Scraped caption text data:
+ + + + +

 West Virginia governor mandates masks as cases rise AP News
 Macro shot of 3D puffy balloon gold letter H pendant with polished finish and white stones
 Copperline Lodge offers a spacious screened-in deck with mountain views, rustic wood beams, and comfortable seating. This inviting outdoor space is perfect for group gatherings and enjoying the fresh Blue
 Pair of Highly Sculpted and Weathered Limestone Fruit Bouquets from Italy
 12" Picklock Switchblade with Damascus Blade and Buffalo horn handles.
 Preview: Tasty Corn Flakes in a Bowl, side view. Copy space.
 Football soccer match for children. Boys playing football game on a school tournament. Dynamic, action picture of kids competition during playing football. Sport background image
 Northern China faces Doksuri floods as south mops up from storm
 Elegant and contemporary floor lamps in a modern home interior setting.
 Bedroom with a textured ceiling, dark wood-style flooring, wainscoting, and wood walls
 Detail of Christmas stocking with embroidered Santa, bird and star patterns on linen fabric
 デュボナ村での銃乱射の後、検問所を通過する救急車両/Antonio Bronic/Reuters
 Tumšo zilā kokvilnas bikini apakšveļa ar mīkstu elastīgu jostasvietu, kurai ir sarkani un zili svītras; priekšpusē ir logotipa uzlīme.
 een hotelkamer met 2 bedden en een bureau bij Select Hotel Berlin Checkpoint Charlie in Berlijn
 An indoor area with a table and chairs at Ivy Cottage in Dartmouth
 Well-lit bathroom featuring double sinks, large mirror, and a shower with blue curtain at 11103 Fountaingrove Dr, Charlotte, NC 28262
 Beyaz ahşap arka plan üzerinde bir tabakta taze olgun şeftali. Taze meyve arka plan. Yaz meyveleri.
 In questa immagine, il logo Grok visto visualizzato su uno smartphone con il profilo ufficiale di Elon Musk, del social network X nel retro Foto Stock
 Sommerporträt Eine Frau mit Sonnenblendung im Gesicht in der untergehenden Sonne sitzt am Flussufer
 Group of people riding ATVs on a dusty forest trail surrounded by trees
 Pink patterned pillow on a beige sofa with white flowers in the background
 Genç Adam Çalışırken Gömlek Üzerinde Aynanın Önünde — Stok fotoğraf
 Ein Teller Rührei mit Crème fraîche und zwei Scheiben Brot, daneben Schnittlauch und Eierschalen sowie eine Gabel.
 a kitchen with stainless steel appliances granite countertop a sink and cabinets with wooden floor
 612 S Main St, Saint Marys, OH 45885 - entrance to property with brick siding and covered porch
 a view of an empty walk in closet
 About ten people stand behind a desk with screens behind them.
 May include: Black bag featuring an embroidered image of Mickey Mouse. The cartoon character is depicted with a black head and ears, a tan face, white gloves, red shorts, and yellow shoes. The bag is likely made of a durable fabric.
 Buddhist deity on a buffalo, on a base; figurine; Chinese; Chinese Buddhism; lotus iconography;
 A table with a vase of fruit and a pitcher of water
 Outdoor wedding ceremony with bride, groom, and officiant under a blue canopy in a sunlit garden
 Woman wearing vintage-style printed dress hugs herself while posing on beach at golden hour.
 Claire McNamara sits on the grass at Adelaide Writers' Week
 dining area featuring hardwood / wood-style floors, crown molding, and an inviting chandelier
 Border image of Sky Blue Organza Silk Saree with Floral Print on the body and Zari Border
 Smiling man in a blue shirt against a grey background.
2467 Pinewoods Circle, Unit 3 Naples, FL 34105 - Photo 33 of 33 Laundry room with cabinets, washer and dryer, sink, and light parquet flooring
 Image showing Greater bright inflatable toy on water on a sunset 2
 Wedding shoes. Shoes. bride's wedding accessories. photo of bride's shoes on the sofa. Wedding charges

+ + + + +

Goal of the exercise: Which lines of the data contain the string "sofa"? Copy each one.

Result below:
 Pink patterned pillow on a beige sofa with white flowers in the background
 Wedding shoes. Shoes. bride's wedding accessories. photo of bride's shoes on the sofa. Wedding charges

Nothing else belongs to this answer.